Da schliesst sich der Kreis: Von den Daten profitiert wiederum der Hobbygärtner. Das Startup IP-Garten bietet bereits einen Autopiloten - buchbar als kostenpflichtiger Service. Bleibt nur zu hoffen, dass die Erholung nicht zu kurz kommt, wenn sich der Gärtner aus dem eigenen Garten wegrationalisiert, weit weg von Vogelstimmen und schweisstreibender Harke.



So werden Sie zum digitalen Gärtner

■ Sie wünschen sich einen digitalen Garten? Suchen Sie sich eine Parzelle, die möglichst rechteckig und eben ist. So passt sie nicht nur besser auf den Bildschirm, die Planung der technischen Einrichtungen ist auch einfacher. Spezielle Anforderungen: Die Parzelle braucht einen Stromanschluss und sollte nicht im Funkloch liegen. 

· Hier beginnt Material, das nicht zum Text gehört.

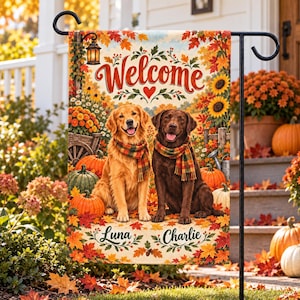 Può includere: Una bandiera da giardino rettangolare con un golden retriever e un labrador color cioccolato che indossano sciarpe a quadri. Il testo Welcome è in alto, mentre i nomi Luna e Charlie sono in basso, tra zucche e foglie autunnali.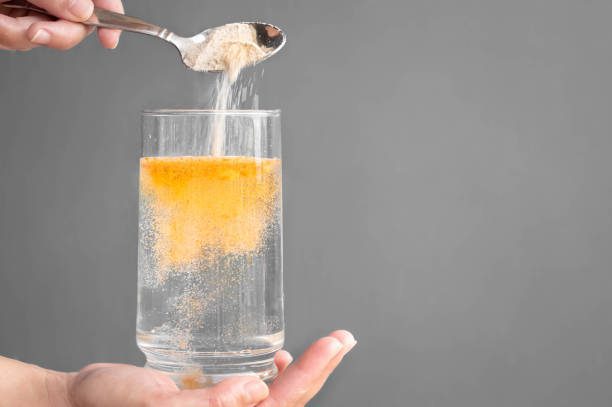 A hand holds a clear glass filled with water, the other hand holds a spoon that is pouring orange electrolyte powder into the water.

 ■ Die rechteckige Form macht die digitale Planung leichter. Apps wie "GrowVeg" helfen bei der Planung. Pflanzen lassen sich ohne Schlepparbeit schon einmal auf die virtuelle Fläche schieben. Gute Apps geben Tipps zu Standort und Fruchtfolge. Eine Alternative sind Planungstools wie "Gardenplaner" im Netz, die es aber nur auf Englisch gibt. 

 ■ Ein Rasenmähroboter ist Pflicht, am besten einer mit Sensoren, die bei Regen das Mähen unterbrechen und auch Igel und Haustiere erkennen, die sich ihm nähern. 

 ■ Bewässerungssensoren für Pflanzen sind praktisch, vor allem wenn sie mit Solarenergie arbeiten. Ob man den Sensoren die Macht gibt, selbst über Bewässerung zu entscheiden, muss jede smarte Gärtnerin und jeder kundige Gärtner selbst wissen. 

 ■ Eine Webcam erhöht den Spass beim Ferngärtnern. Eine Bordkamera auf dem Mähroboter ist das Nonplusultra. Am Besten mit ansteuerbarem LED-Strahler für nächtliche Erkundungsfahrten. 

 ■ Für die Datenanalyse eignen sich Apps wie "GreenIQ" oder "GroApp". Wichtig: Teilen Sie Ihre Erfolge in den sozialen Netzwerken! 

 ■ Bleiben Sie innovativ! Auf Plattformen wie Kickstarter und Startnext gibt es regelmässig neue Garten-Gadgets, ob neue Pflanzcontainer, Bewässerungslösungen oder Sensoren.